Por isso mesmo não comentei a principal imagem daquela cobertura: o mascote da literatura indígena empunhando uma faixa em que pedia demarcação das terras indígenas. A cobertura televisiva não mostrou esse momento, como não mostrou a vitória da ciência brasileira sobre a impossibilidade de alguém andar. Isso porque não mostrou que há ciência em terras tupiniquins. Escondeu nosso neurocientista maior e escondeu nosso menino Guarani que, como um bom atacante, driblou a guarda da FIFA e mostrou ao mundo a angústia dos indígenas brasileiros: sua luta pelo direito aos seus territórios. A FIFA escondeu, a Globo escondeu, a BAND escondeu, mas o mundo viu e eu também vi atrasado, mas vi.

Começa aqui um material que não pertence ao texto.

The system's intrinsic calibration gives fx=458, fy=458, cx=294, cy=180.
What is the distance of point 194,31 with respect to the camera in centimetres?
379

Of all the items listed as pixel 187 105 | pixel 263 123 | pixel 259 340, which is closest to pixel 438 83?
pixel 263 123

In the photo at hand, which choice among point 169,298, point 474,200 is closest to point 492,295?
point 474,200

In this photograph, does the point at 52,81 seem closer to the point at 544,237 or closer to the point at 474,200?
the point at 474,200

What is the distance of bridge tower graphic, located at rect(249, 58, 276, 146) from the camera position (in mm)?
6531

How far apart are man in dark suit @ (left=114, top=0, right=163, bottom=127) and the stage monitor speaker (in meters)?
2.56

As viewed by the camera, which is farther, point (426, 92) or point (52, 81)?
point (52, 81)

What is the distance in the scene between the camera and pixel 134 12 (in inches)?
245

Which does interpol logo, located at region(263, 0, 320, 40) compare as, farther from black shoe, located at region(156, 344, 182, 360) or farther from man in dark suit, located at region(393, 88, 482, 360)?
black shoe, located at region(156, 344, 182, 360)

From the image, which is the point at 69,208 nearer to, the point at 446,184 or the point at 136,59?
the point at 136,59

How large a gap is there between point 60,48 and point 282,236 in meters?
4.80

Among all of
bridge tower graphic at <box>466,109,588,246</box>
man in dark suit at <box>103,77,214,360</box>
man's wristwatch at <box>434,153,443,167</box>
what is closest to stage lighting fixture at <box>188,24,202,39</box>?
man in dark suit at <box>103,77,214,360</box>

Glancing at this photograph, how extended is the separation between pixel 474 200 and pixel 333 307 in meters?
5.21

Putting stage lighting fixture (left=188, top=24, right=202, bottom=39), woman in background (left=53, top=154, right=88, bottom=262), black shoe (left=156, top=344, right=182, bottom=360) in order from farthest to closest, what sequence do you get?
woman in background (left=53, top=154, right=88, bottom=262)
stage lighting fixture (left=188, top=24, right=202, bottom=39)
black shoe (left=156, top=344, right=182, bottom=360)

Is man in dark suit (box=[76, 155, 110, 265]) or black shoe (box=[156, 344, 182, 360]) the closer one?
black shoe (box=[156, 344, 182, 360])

Claro que a copa não é lugar para mostrar esse tipo de coisa. Há patrocinadores demais querendo vender seus comportados produtos para um público sedento de consumo. São carros, lanches, achocolatados, entre outros que precisam adentrar a casa dos consumidores brasileiros que se reúnem em torno da fogueira televisiva para assistir aos jogos. Entre lances há produtos a serem adquiridos. Nesse templo não pode entrar problemas, demandas sociais, reivindicações. Não há lugar para mostrar coisa feia. Apenas o belo tem que fazer parte do cardápio dos jogos. Somente a harmonia de “ser brasileiro com muito orgulho, com muito amor” é que deve fantasiar a pátria de chuteiras.

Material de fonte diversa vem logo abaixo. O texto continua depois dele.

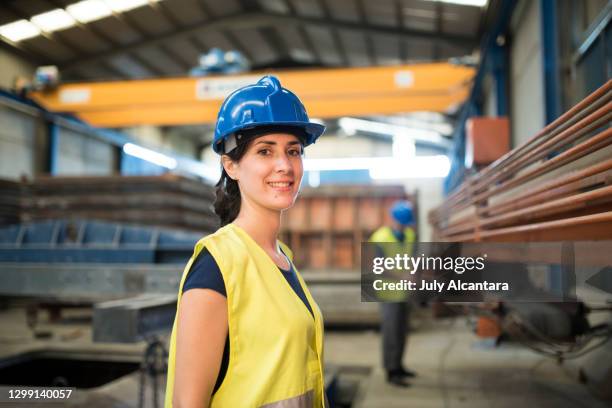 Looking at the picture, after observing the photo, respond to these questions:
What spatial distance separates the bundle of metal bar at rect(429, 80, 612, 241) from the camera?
4.53 ft

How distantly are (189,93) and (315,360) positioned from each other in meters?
7.01

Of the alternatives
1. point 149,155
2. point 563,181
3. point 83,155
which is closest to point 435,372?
point 563,181

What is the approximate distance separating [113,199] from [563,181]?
24.9 ft

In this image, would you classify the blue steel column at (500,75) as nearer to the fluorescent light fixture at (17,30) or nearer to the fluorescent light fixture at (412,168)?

Talvez por isso a figura franzina de Jeguaká, um curumim guarani de apenas 13 anos, tenha causado certo impacto no momento em que tirou a faixa vermelha que trazia escondida na roupa e a mostrou para o mundo todo. A faixa dizia simplesmente “Demarcação Já”. Uma frase antiga, mas que ganhou uma nova roupagem ao ser empunhada por um garoto cuja principal alegria é “ser brasileiro, com muito orgulho, com muito amor”. Fez um gesto de cidadania. Mostrou que ser brasileiro num campo de futebol, assistindo jogos, é fácil e cômodo. Vestir a camisa de cidadão é mais difícil e complicado do que aparenta.

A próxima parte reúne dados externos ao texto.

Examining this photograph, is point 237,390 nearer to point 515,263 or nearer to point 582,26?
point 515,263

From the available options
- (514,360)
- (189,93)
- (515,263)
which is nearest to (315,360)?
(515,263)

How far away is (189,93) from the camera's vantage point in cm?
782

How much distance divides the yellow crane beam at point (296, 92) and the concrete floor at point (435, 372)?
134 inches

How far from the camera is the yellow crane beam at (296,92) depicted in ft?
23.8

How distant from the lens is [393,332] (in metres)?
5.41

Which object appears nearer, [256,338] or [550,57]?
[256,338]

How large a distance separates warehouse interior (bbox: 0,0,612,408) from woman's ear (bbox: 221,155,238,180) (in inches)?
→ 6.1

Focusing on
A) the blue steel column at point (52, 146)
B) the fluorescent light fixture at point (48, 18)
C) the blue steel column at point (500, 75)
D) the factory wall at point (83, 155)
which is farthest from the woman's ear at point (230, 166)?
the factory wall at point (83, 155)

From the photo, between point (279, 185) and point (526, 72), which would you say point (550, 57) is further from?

O gesto de Jeguaká me lembrou da coragem da pequena Malala, menina paquistanesa baleada pelo talibã, que desafiou as regras impostas de não permitir a participação das mulheres na vida política de seu país. Ela não teve receio em falar sobre as dificuldades que vivia sob o regime talibã e isso quase a vitimou. Um exemplo que atravessou o mundo como algo positivo e aplaudido pelas pessoas de bom senso. Mesmo aqui no Brasil o caso de Malala teve repercussão. Por que será que Jeguaká não teve a mesma sorte? Talvez porque pimenta nos olhos dos outros é refresco. Porque santo de casa não faz milagres. Porque em casa de ferreiro espeto de pau. São muitos porquês possíveis. Até porque o caso dele não é um caso isolado. Há centenas de meninos e meninas corajosos que teimam em não deixar “a peteca cair”. Não conhecemos quase nada sobre isso, pois a cobertura mediática não dá a mesma importância e prefere esconder o grito do povo “embaixo do tapete”.

Temos copa, já tomamos na cozinha e a cobertura de nossa Casa-Brasil segue o padrão FIFA: muito fru-fru, pouca efetividade. Parabéns ao menino Jeguaká. Parabéns a este Brasil escondido atrás das faixas que “gritam por nós”.